Question

Prove the formula for the derivative of \(y=\operatorname{sech}^{-1}(x)\) by differentiating \(x=\operatorname{sech}(y)\). (Hint: Use hyperbolic trigonometric identities.)

Short answer

The derivative is \( \frac{dy}{dx} = -\frac{1}{x \sqrt{1 - x^2}} \).

Step-by-step solution

Understand the Problem

We need to find the derivative of the inverse hyperbolic secant function, which is written as \( y = \operatorname{sech}^{-1}(x) \). We start by considering its inverse function relation: \( x = \operatorname{sech}(y) \).

Express \( \operatorname{sech}(y) \) in Terms of Exponentials

Recall that the hyperbolic secant is defined as \( \operatorname{sech}(y) = \frac{2}{e^y + e^{-y}} \). From the given \( x = \operatorname{sech}(y) \), we have \( x = \frac{2}{e^y + e^{-y}} \).

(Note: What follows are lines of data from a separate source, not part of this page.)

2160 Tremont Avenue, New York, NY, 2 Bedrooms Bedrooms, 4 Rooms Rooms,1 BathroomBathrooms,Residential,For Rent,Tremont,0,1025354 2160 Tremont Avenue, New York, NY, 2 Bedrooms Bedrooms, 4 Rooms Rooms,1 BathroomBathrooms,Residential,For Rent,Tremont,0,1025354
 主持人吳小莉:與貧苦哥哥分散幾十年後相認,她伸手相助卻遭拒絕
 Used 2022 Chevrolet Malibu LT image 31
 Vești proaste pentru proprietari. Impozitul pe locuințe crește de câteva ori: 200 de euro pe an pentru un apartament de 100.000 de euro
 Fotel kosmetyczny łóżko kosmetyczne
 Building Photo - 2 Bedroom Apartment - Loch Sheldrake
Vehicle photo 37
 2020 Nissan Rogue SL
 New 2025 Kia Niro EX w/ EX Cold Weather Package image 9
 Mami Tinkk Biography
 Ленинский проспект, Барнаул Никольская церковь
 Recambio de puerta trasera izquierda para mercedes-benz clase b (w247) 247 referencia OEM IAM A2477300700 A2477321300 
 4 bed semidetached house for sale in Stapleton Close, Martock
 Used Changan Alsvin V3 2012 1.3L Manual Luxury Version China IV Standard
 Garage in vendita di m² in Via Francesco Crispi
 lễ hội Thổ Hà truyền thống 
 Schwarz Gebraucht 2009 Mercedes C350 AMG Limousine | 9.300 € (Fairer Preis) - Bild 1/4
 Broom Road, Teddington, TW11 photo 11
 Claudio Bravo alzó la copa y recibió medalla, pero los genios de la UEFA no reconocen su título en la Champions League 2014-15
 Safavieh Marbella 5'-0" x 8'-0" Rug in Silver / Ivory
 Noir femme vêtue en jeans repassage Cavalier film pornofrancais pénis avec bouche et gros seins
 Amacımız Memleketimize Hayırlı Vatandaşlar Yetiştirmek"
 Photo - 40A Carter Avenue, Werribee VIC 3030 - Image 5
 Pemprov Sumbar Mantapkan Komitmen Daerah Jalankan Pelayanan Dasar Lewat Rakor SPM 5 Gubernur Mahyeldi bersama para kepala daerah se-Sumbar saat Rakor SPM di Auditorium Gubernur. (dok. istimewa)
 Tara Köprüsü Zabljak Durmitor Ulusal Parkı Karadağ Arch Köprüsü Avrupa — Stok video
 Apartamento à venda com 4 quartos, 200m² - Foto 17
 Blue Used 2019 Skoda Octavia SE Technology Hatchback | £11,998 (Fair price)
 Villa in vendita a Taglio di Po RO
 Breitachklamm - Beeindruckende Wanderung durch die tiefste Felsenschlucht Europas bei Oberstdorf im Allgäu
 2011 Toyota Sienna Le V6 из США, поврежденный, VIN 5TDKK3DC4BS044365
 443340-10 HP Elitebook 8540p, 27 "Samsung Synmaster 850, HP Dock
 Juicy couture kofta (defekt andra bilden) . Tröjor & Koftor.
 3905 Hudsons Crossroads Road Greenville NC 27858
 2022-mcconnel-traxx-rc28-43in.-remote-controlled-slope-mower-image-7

Implicitly Differentiate Both Sides

Differentiate both sides with respect to \( x \), using implicit differentiation on the right side. Since \( x = \operatorname{sech}(y) \), we have \( 1 = \frac{d}{dx}\left(\frac{2}{e^y + e^{-y}}\right) \).

Apply Chain Rule

Apply the chain rule to differentiate the right side: \[ \frac{d}{dx} \left(x\right) = \frac{d}{dy} \left(\frac{2}{e^y + e^{-y}}\right) \cdot \frac{dy}{dx} \]The derivative of \( \operatorname{sech}(y) \) with respect to \( y \) is \(-\operatorname{sech}(y)\operatorname{tanh}(y) \). Thus: \[ 1 = -\operatorname{sech}(y)\operatorname{tanh}(y) \cdot \frac{dy}{dx} \]

Solve for \( \frac{dy}{dx} \)

Now solve for \( \frac{dy}{dx} \):\[ \frac{dy}{dx} = \frac{1}{-\operatorname{sech}(y)\operatorname{tanh}(y)} \]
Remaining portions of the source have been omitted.